Hall thruster stability is studied in several ways. First, it can be examined experimentally in terms of empirical trends in oscillation characteristics with operating parameters. For example, the evolution of oscillation frequency with discharge voltage can be mapped experimentally to understand the stability of a thruster as a function of voltage. Second, it can be examined experimentally in terms of high-level performance metrics. For example, the evolution of power-normalized thrust with oscillation amplitude can be determined to illuminate the effect of instabilities on performance. Finally, it can be examined theoretically and numerically to understand the mechanism governing an instability. For example, a theoretical model can be developed and compared to low-level experimental data to assess the stability criteria for a certain oscillatory mode.

At PEPL, we have approached Hall thruster stability in all three ways. The work of McDonald et al. performed initial characterization of the Hall thruster breathing mode and spoke mode using high-speed imaging. Aside from identifying important trends in frequency and amplitude of these modes, McDonald found evidence that azimuthal spokes might play a role in electron transport in Hall thrusters. Sekerak et al. evaluated the changes in thruster performance with low-frequency oscillation strength and found that the breathing mode typically corresponds to low thrust-to-power. Finally, Dale et al. explored the breathing mode theoretically and numerically, finding that existing theories for it are insufficient.

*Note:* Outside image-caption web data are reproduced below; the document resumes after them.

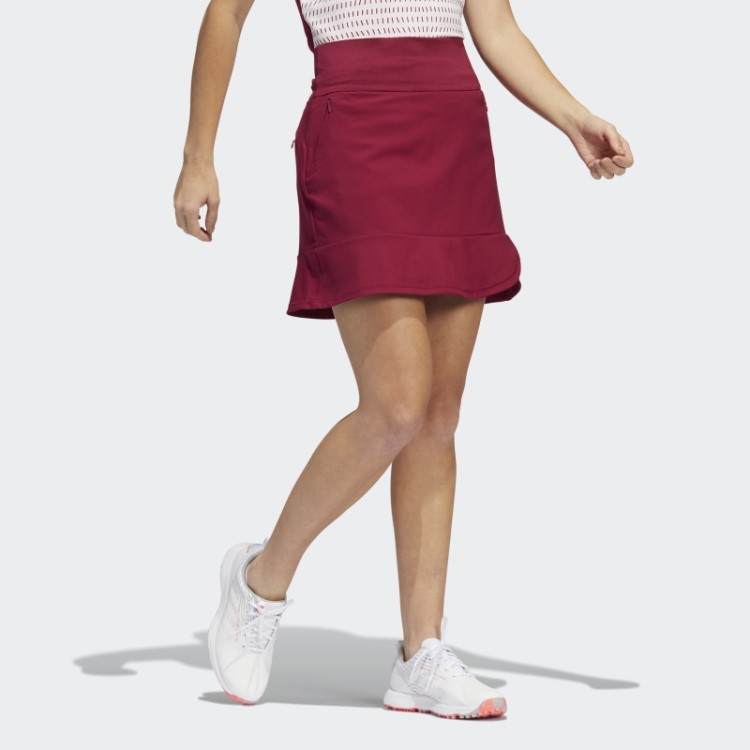 Skort Com Babados Bordô Adidas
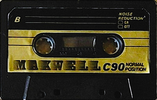Compact Cassette Maxwell 90 Type I Normal 1980 Hong Kong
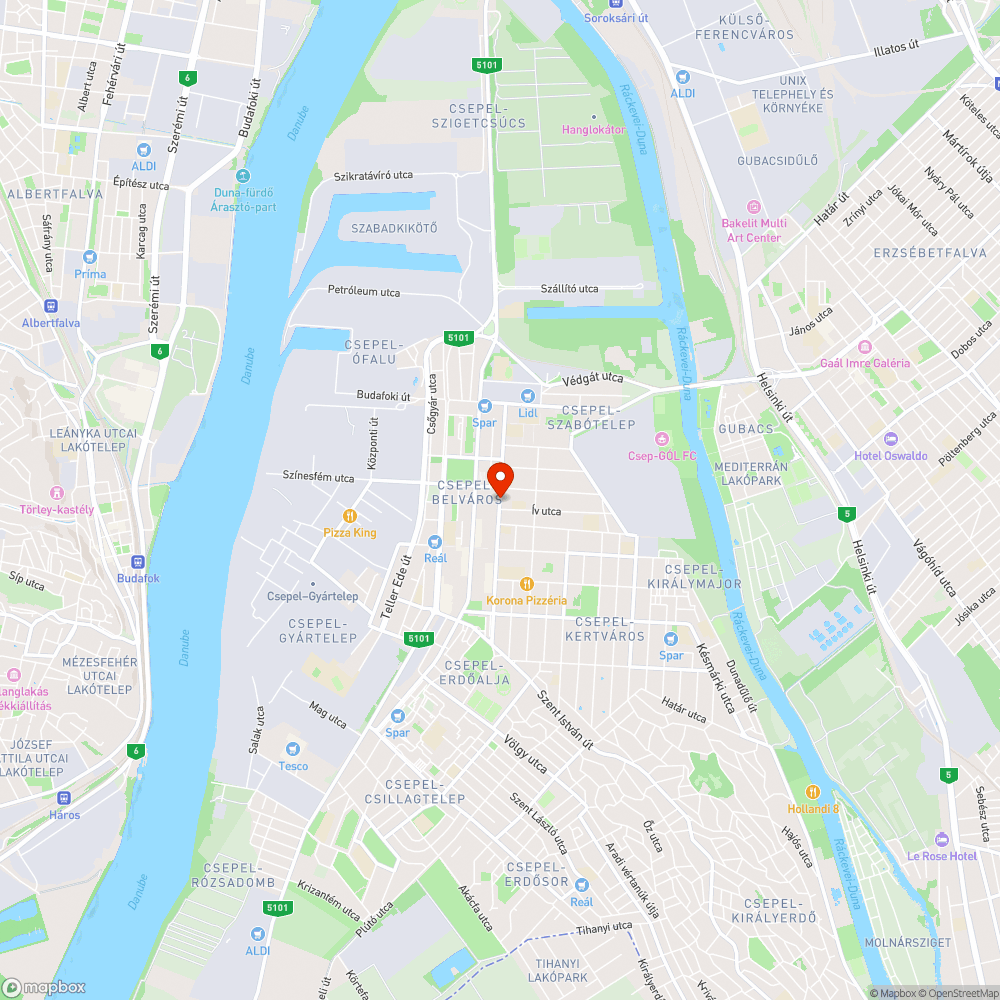 Táncsics Mihály utca kátyúi bejelentés helye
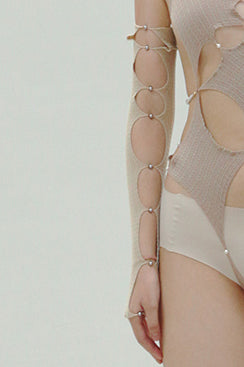 Rui Zhou R013 Sleeve Series Pearl Chain Single Finger Sleeve RUI-R013-AW20-YMHUANG Ivory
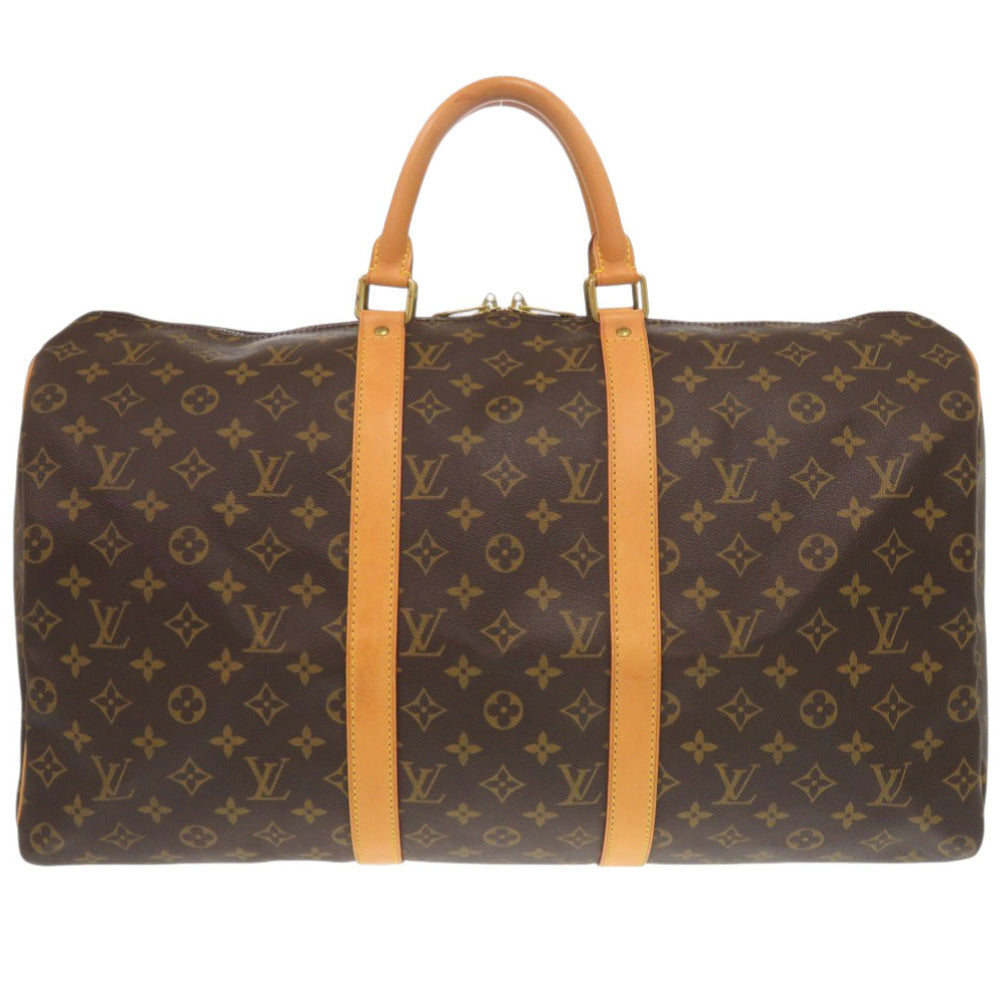 Louis Vuitton Boston Duffel M41426 Keepall 50 Monogram Canvas Brown Travel Bag 7F0764Bs5Nb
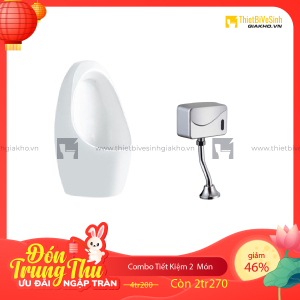 Combo Bồn Tiểu Van Xả Cảm Ứng  Siêu Tiết Kiệm Navier CBT04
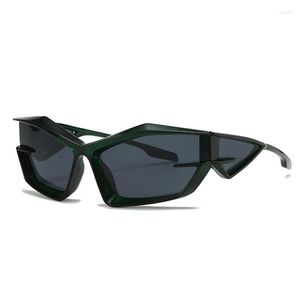 Sunglasses 2023 Futuristic Tech-Inspired Y2K Concave-Shaped Cat-Eye Personalized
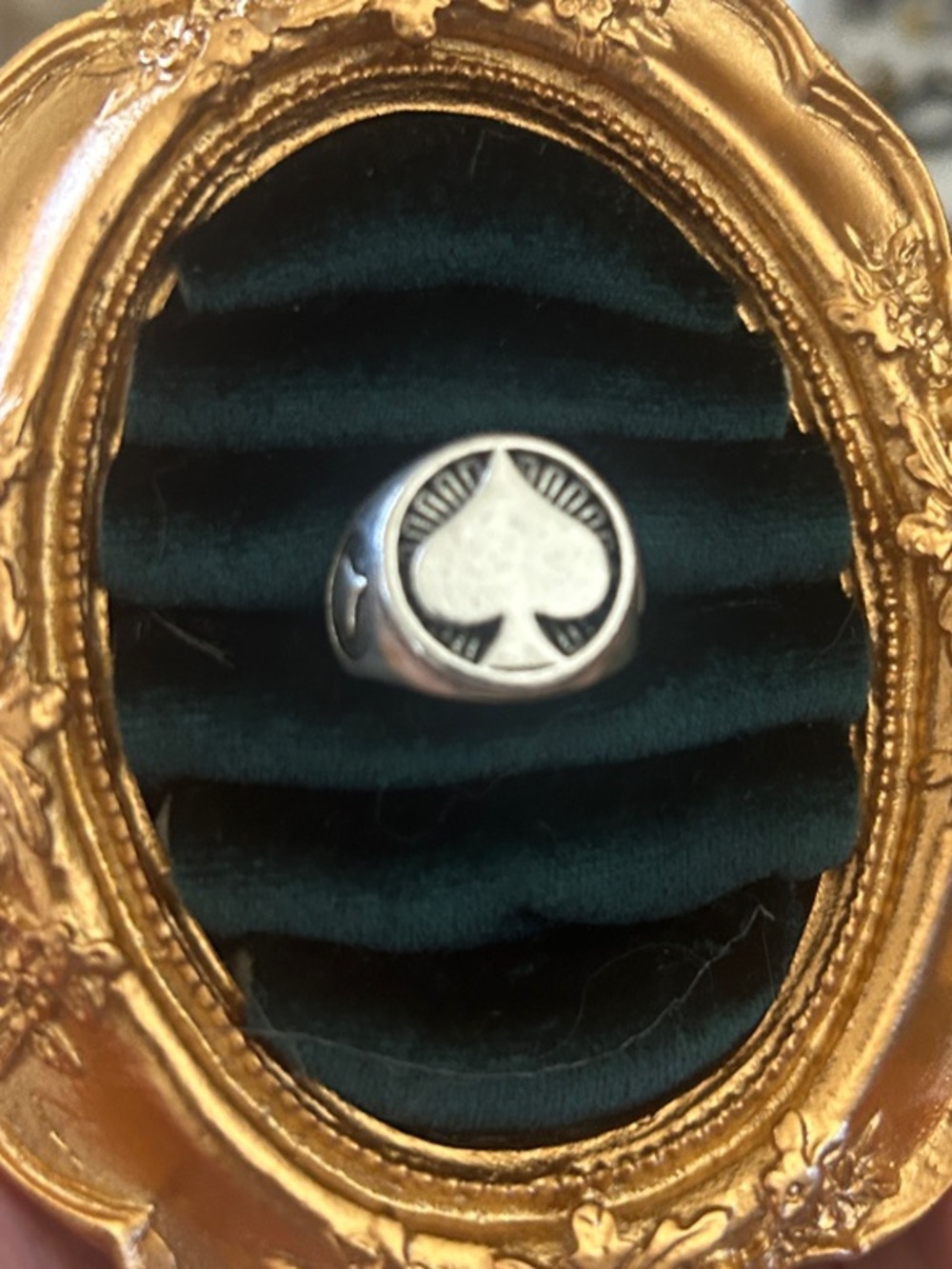 & Other Stories Silver Spade Signet Ring
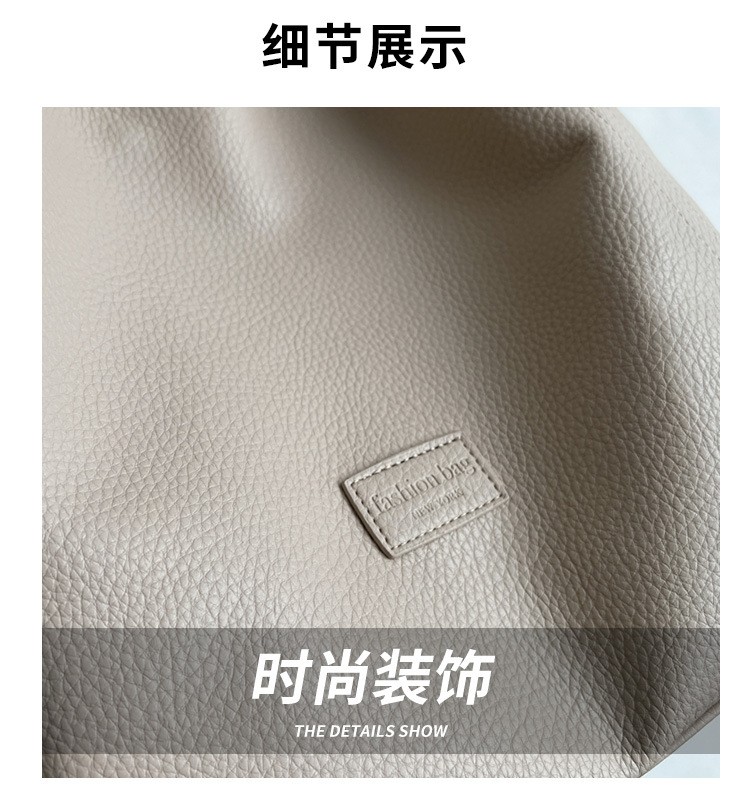 商品[国内直发] GLENVINTEN|格岚云顿复古通勤女包新款小众时尚托特包百搭秋冬大容量单肩包,价格¥178,第2张图片详细描述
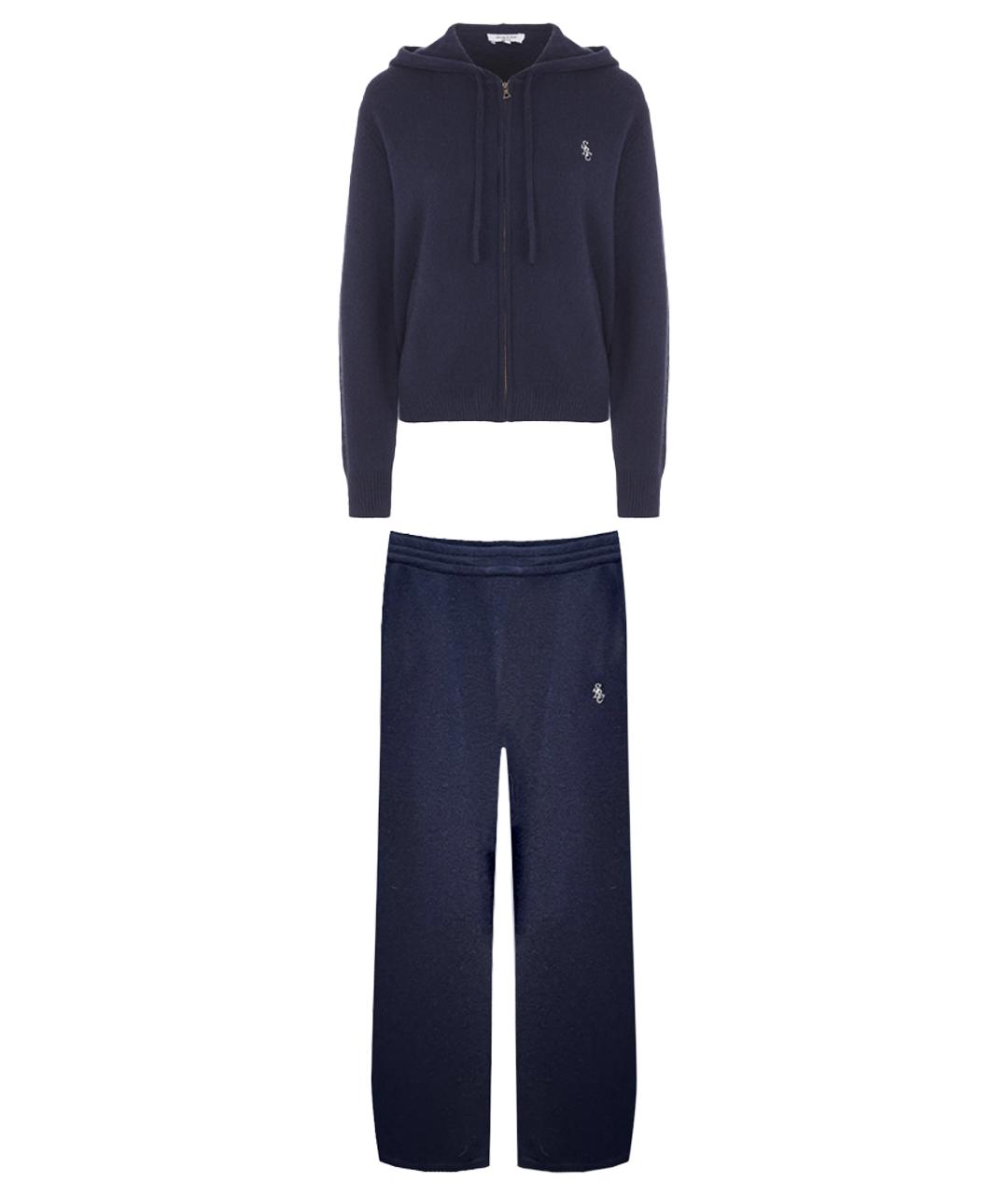 SPORTY AND RICH Синий хлопковый спортивные костюмы, фото 1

Dale performed additional experimental characterization of this mode and found evidence for the involvement of an upstream ionization process.

Selected Publications


  • Mode Transitions in Hall-Effect Thrusters Induced by Variable Magnetic Field Strength

    M.J. Sekerak, A.D. Gallimore, D.L. Brown, R.R. Hofer, and J.E. Polk

    AIAA Journal of Propulsion and Power, 10.2514/1.B35709, March 2016

  • Plasma Oscillations and Operational Modes in Hall Effect Thrusters

    Sekerak, M.

    University of Michigan, Ph.D. Dissertation, 2014

  • Perturbation analysis of ionization oscillations in Hall effect thrusters

    K. Hara, M.J. Sekerak, I.D. Boyd, and A.D. Gallimore

    Physics of Plasmas, Vol. 21, Issue. 20, pg. 122103, 2014

  • Mode transition of a Hall thruster discharge plasma

    K. Hara, M.J. Sekerak, I.D. Boyd, and A.D. Gallimore

    Journal of Applied Physics, Vol. 115, Issue 20, pg. 203304, 2014

  • Experimental Evidence for Ion Acoustic Solitons in the Plume of a Hollow Cathode

    Georgin, M.P., Jorns, B.A., and Gallimore, A.D.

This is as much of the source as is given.